::: Records for this task :::

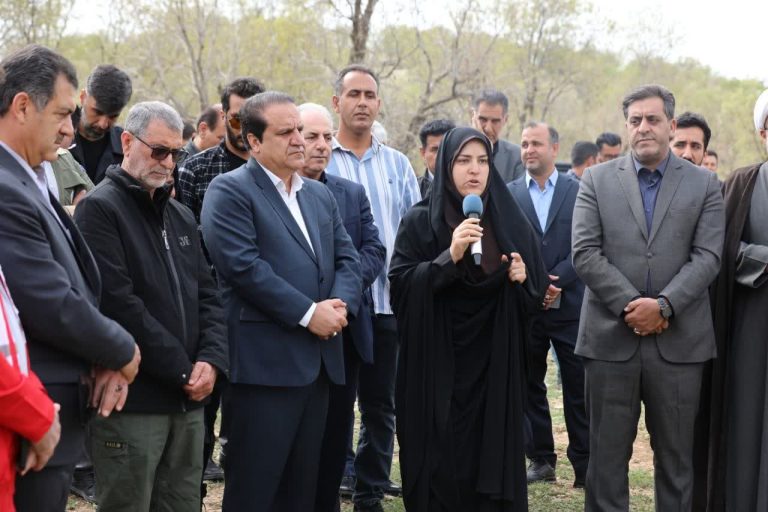 کاشت درخت نماد استقامت و امیدآفرینی است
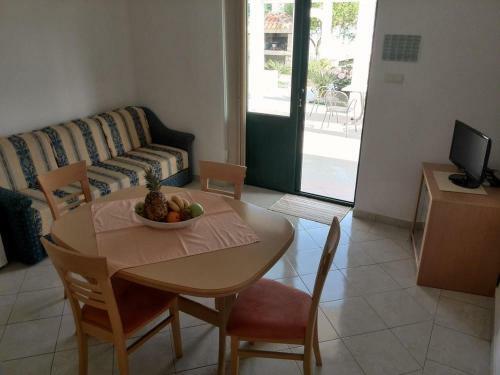 Apartments And Rooms With A Swimming Pool Kampor (rab) - 12773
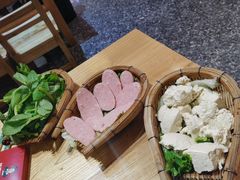 -阿婆情腊排骨火锅(金虹路店)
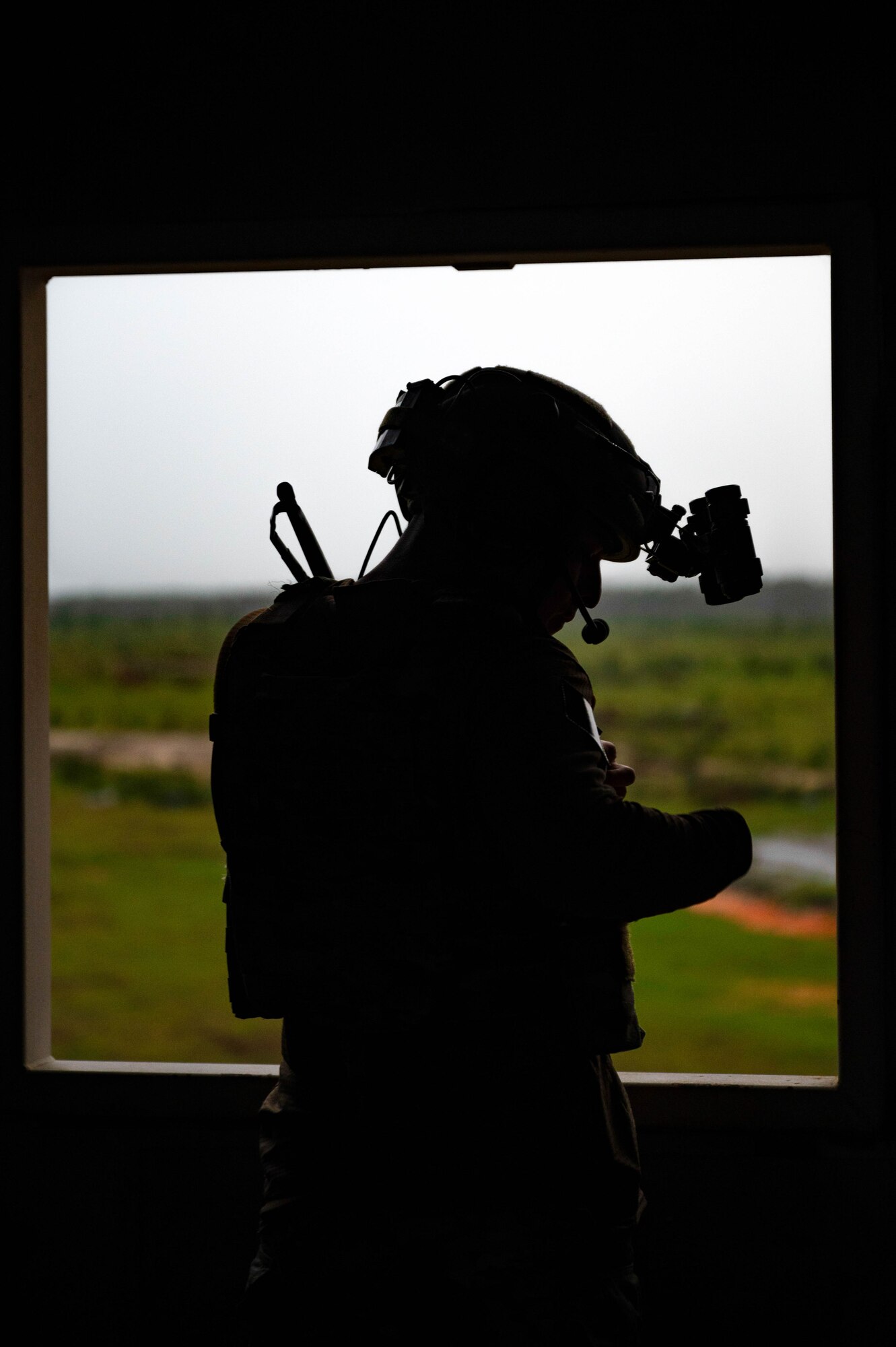 A member of the United Kingdom military participates in a live fire training during Exercise Emerald Warrior Spiral at the Eglin Range near Hurlburt Field, Florida, Sep. 3, 2024.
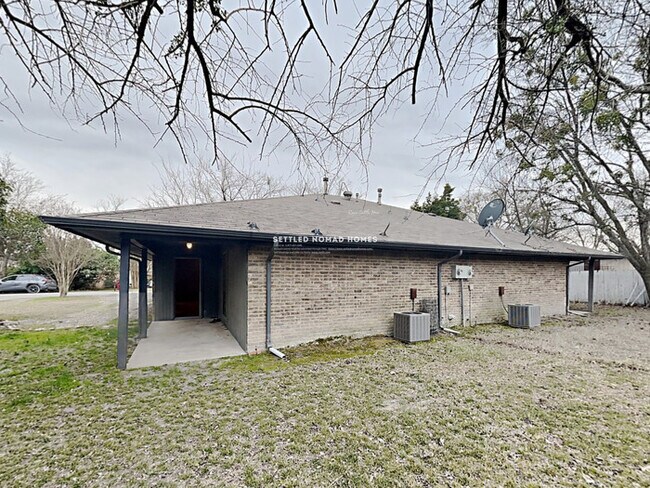Building Photo - Lovely home in the heart of Blue Ridge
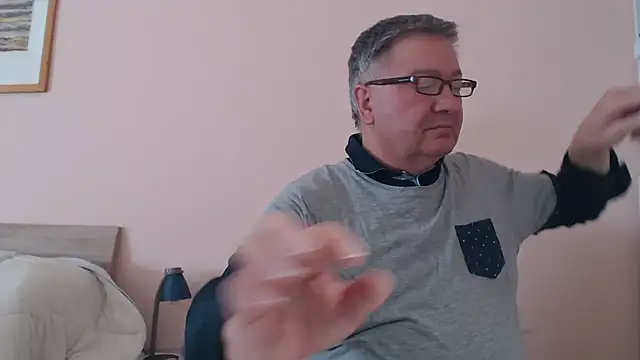 YOU6me online show from March 2025 09:14:01 AM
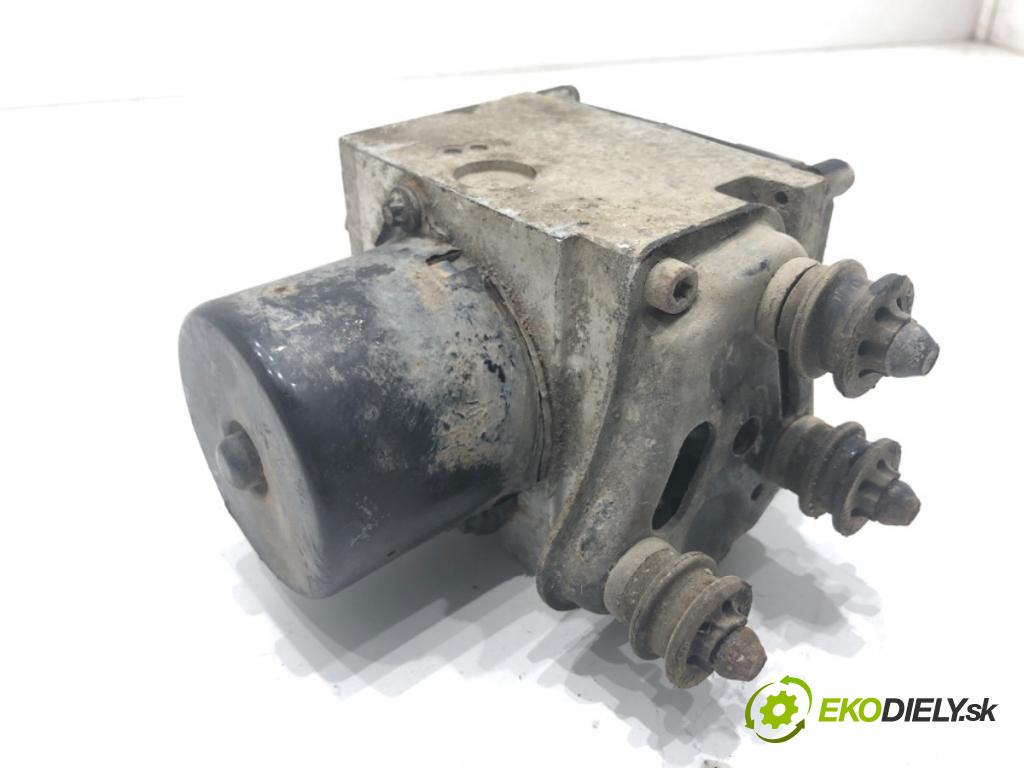 VW PASSAT B6 sedan 2005 77 kW 1.9 TDI 1896 Pumpa ABS 3C0614095M (Pumpa ABS)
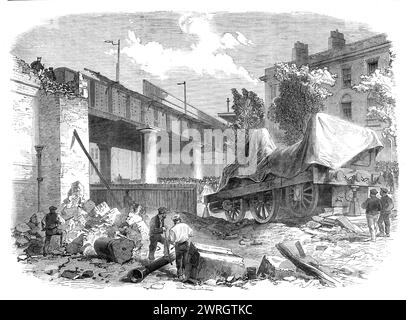 Ort des späten Unfalls an der Station Camden-Road der North London Railway, 1864. "Unsere Illustration... zeigt den Ort, an dem Motor und Beiboot, nachdem sie von der Kesselexplosion in die Luft geworfen wurden, vom Viadukt gesprungen sind, eine Tiefe von etwa 5,30 Metern, in einem leeren Hof darunter hinabsteigen... dort blieben Motor und Beiboot, bedeckt mit einer Plane, zu der Zeit, als unsere Skizze gemacht wurde... war der Motor natürlich ein perfektes Wrack; sein Schornstein wurde abgestoßen, die Türen der Rauchkammer wurden weggeblasen, seine Kuppel wurde eingequetscht und der Teil des Kessels, der am nächsten zum f Stockfoto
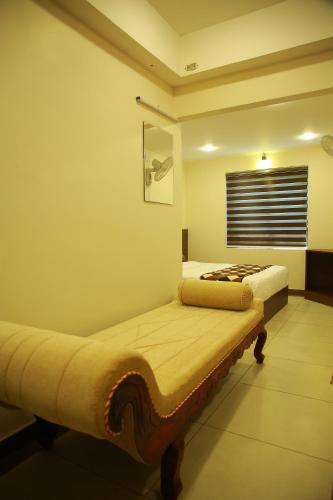 . KALATHIL TOURIST HOME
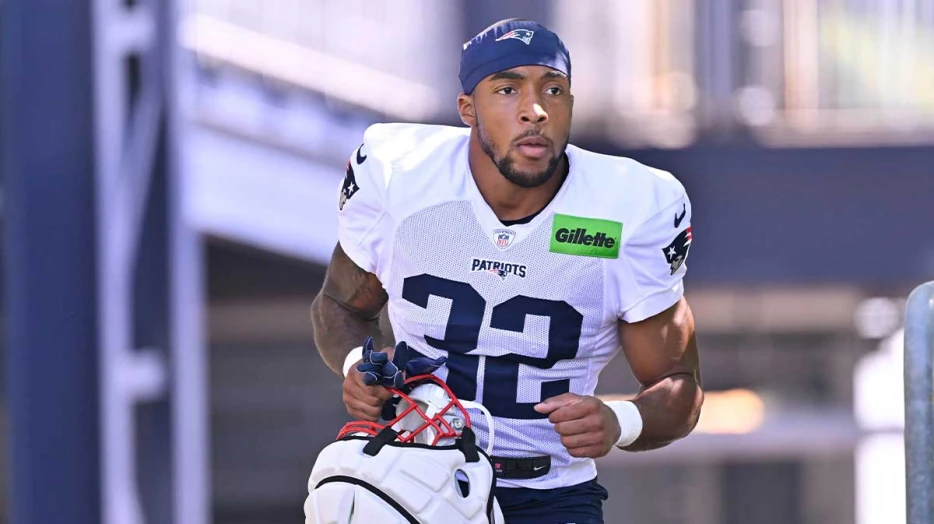 Patriots’ TreVeyon Henderson houses opening kickoff on first NFL touch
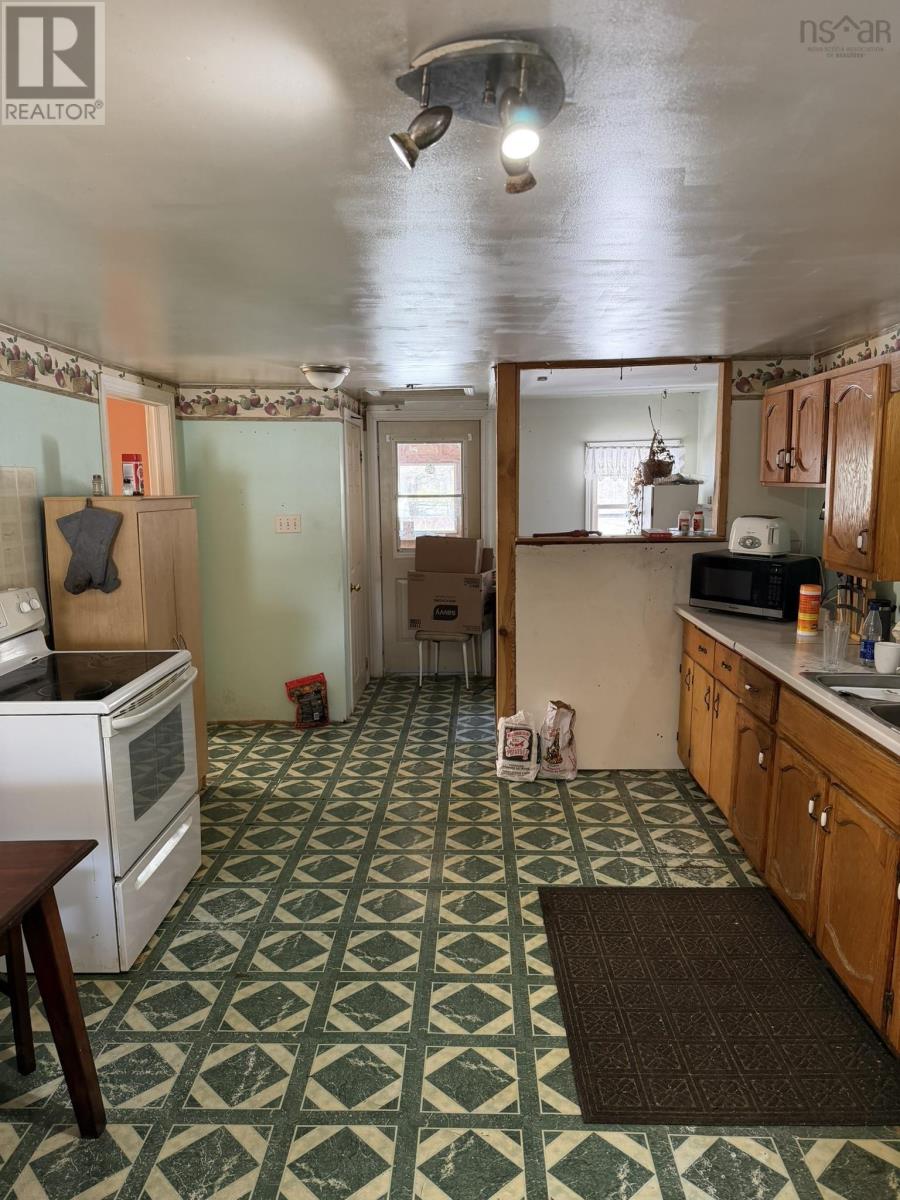 Property 8 of 23 of 1399 Woodville Road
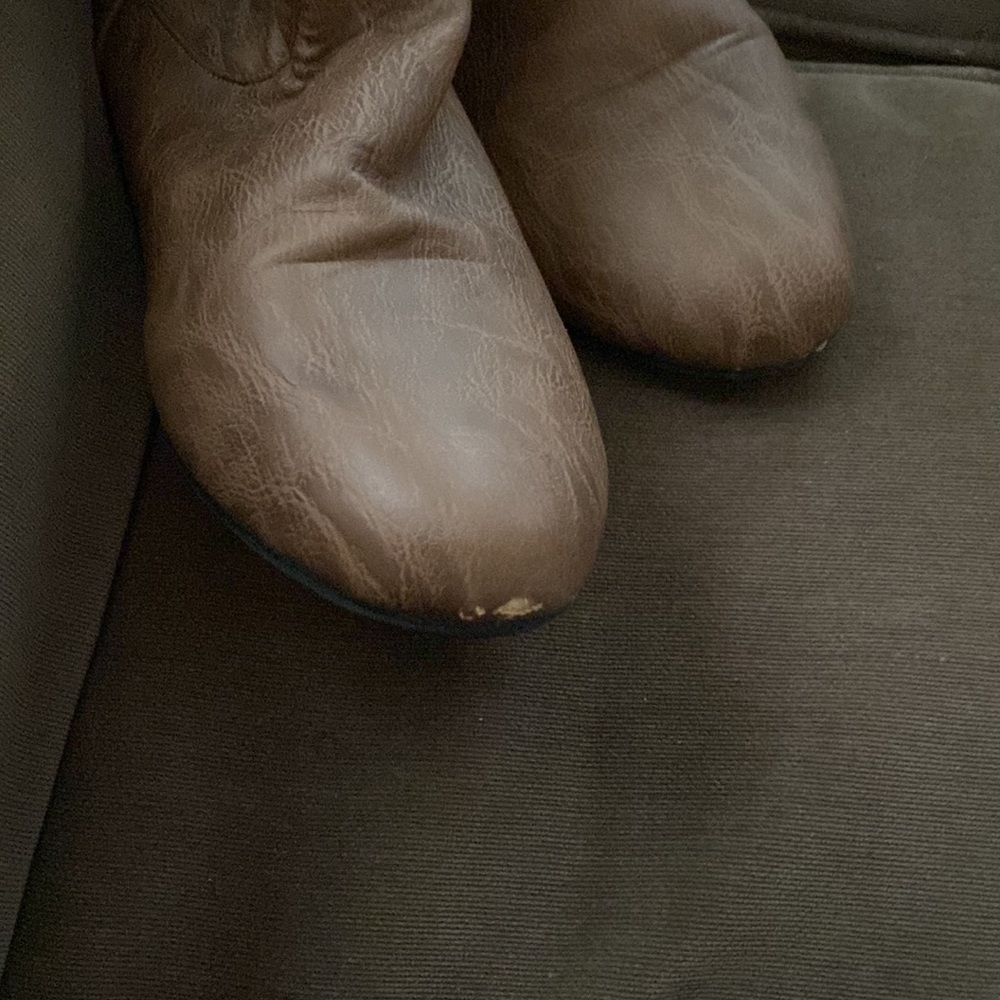 Boots - Picture 7 of 7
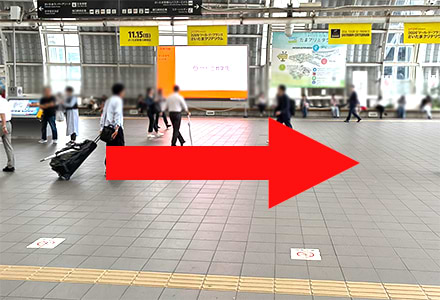 改札を出て東口方面へ進みます。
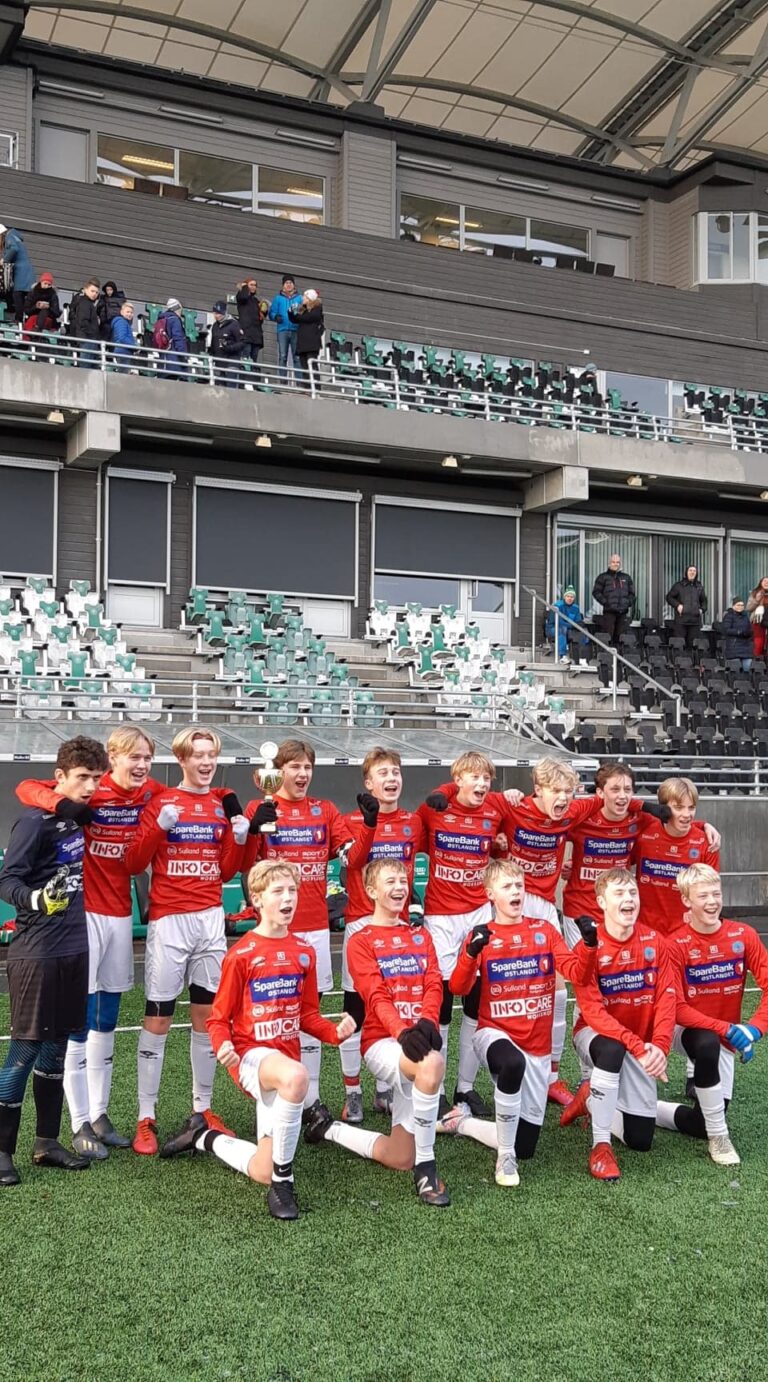 KIL-gutta kunne slippe jubelen løs etter å ha vunnet KM-finalen.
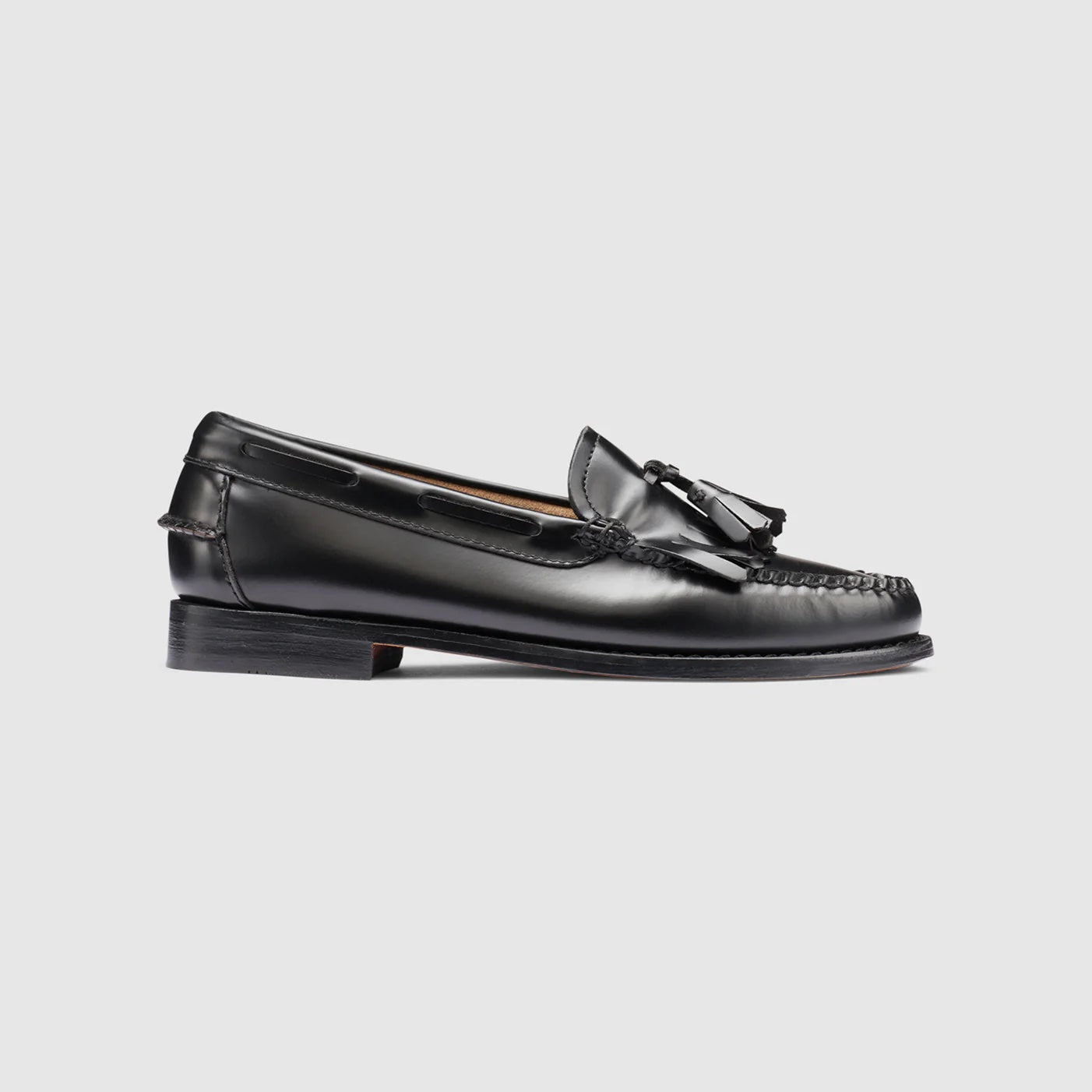 GH BASS Esther Kiltie Tassel Weejuns Loafer in Black BAX1W005 | Shop from eightywingold an official brand partner for GH Bass Canada and US.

:::

§ What the task requires
An exact copy of all the records is required, with the pictures omitted.

§ Task response
 کاشت درخت نماد استقامت و امیدآفرینی است
 Apartments And Rooms With A Swimming Pool Kampor (rab) - 12773
 -阿婆情腊排骨火锅(金虹路店)
 A member of the United Kingdom military participates in a live fire training during Exercise Emerald Warrior Spiral at the Eglin Range near Hurlburt Field, Florida, Sep. 3, 2024.
Building Photo - Lovely home in the heart of Blue Ridge
 YOU6me online show from March 2025 09:14:01 AM
 VW PASSAT B6 sedan 2005 77 kW 1.9 TDI 1896 Pumpa ABS 3C0614095M (Pumpa ABS)
 Ort des späten Unfalls an der Station Camden-Road der North London Railway, 1864. "Unsere Illustration... zeigt den Ort, an dem Motor und Beiboot, nachdem sie von der Kesselexplosion in die Luft geworfen wurden, vom Viadukt gesprungen sind, eine Tiefe von etwa 5,30 Metern, in einem leeren Hof darunter hinabsteigen... dort blieben Motor und Beiboot, bedeckt mit einer Plane, zu der Zeit, als unsere Skizze gemacht wurde... war der Motor natürlich ein perfektes Wrack; sein Schornstein wurde abgestoßen, die Türen der Rauchkammer wurden weggeblasen, seine Kuppel wurde eingequetscht und der Teil des Kessels, der am nächsten zum f Stockfoto
 . KALATHIL TOURIST HOME
 Patriots’ TreVeyon Henderson houses opening kickoff on first NFL touch
 Property 8 of 23 of 1399 Woodville Road
 Boots - Picture 7 of 7
 改札を出て東口方面へ進みます。
 KIL-gutta kunne slippe jubelen løs etter å ha vunnet KM-finalen.
 GH BASS Esther Kiltie Tassel Weejuns Loafer in Black BAX1W005 | Shop from eightywingold an official brand partner for GH Bass Canada and US.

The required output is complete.